Since seeing Mr. Kurihara of the Harvard Kennedy School this May I’ve written several columns about him.

Since then I try to see Mr. Kurihara every time he comes back to Japan.  He is a wonderful person of broad topics, and global thinking with a sophistication based on broad readings including history, philosophy, and literature.  He is also a rare person (a true human asset) who is capable of seeing Japan from the outside, thus has the ability to see the fundamental principles of our country.  Talking with him is thrilling because he introduces me to many perspectives that are seen from fields which are not mine.  

So, when he came to my office again the other day, time flew by and we could not help but talk for nearly two hours.  As you may know from my posting, he issues a periodical titled the Cambridge Gazzette (in Japanese). He kindly commented on our meeting in this yeat's final edition that features  power of insight and words.
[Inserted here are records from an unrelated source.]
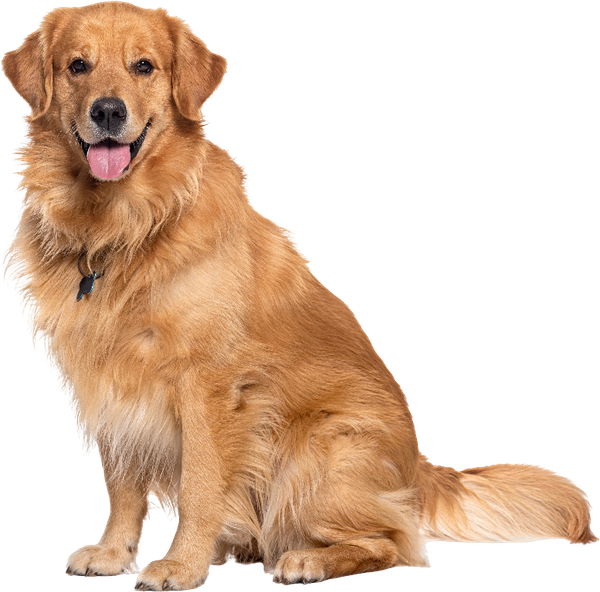 Golden Retriever Golden Retriever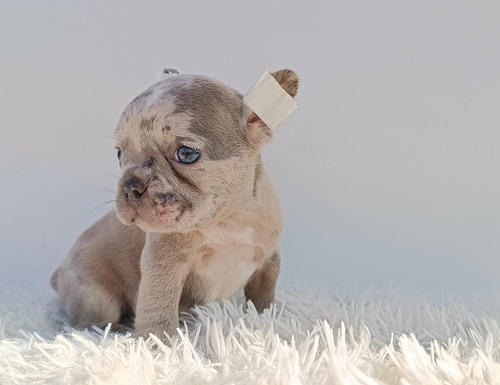 Cachorra Bulldog Francés, Entregas En Mayo 100% Pura...ojos 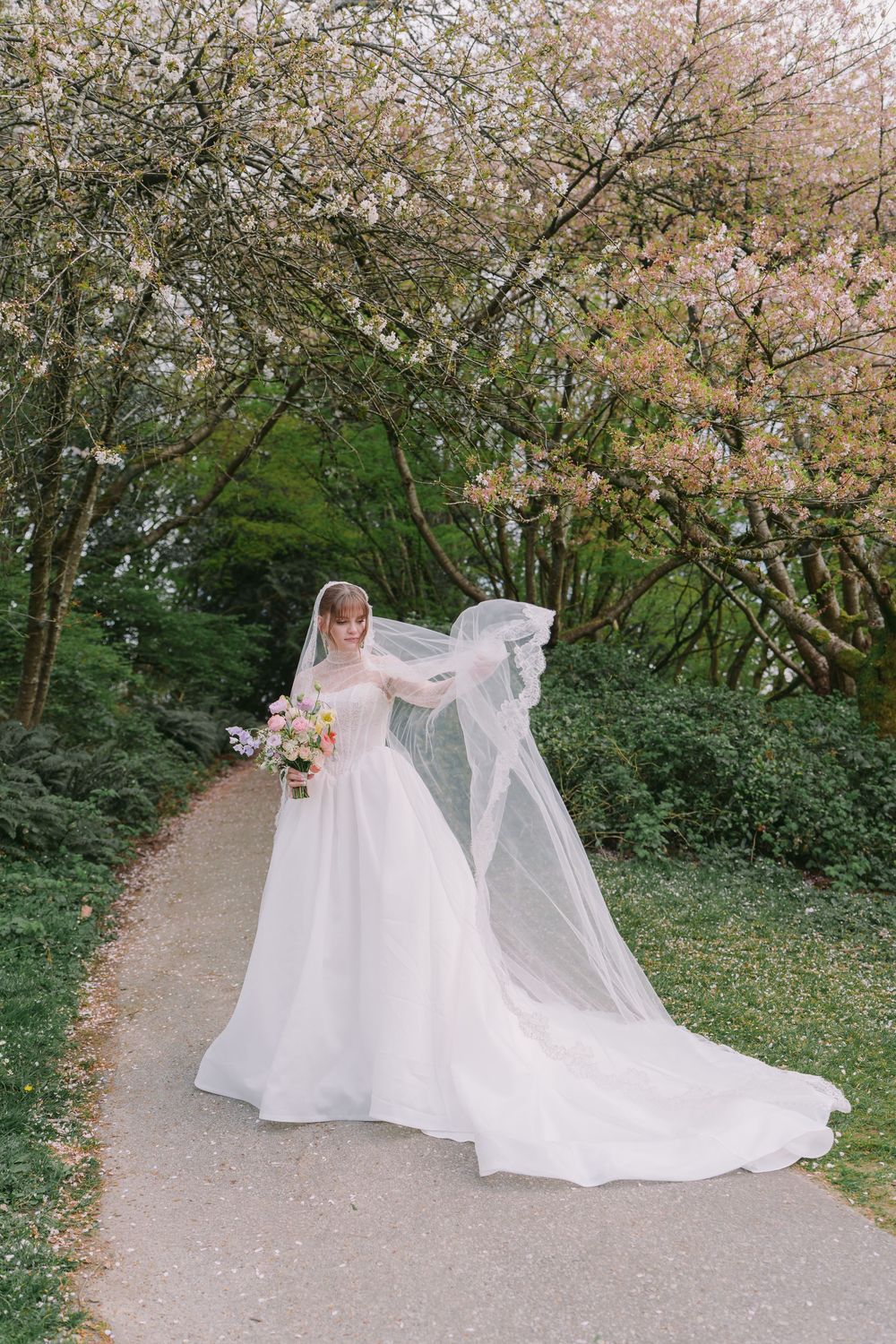 Bride in white ball gown with flowing veil walks garden path lined with blooming cherry blossom trees.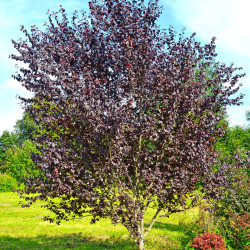 Prunus cerasifera var. pissardii - Prunier pourpre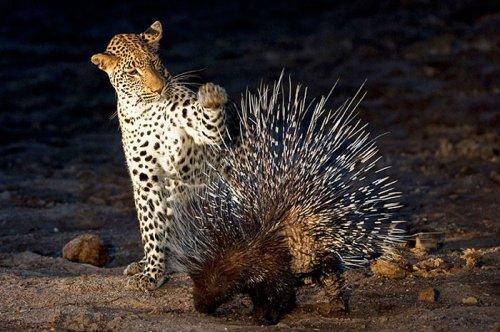 Vahşi doğanın avcı hayvanları 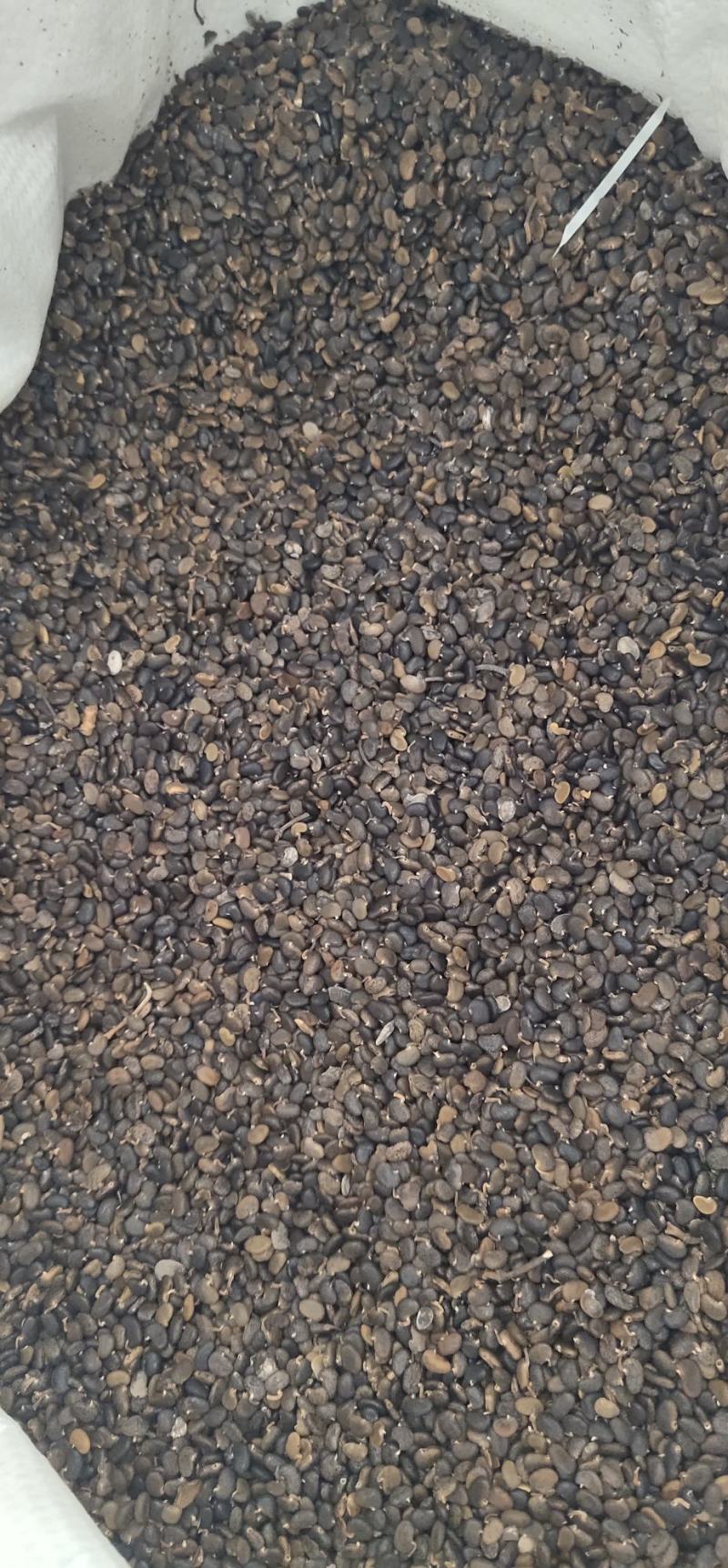 刺槐种子槐树种子洋槐树种子香花槐种子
His writing was again surprisingly dynamic, telling stories accompanied with rich references from books and articles about his friendships, human networks, historical views, and about how Japan has truly talented individuals on the one hand, and has fickle, intelligent idiots who mislead this nation on the other.

If you closely look at the current situation of “Sad Japan” you would inevitably notice that it basically has not changed, or rather, was incapable of changing, at all.  I am truly impressed with the huge volume of Mr. Kurihara’s readings not to mention his rich connections with people as an independent individual. His talent to assimilate a large body of information into one piece of writing and his huge knowledge from many layers of culture coupled with his eagerness for investigating different topics are most impressive. The process in which he thinks about the things is admirable.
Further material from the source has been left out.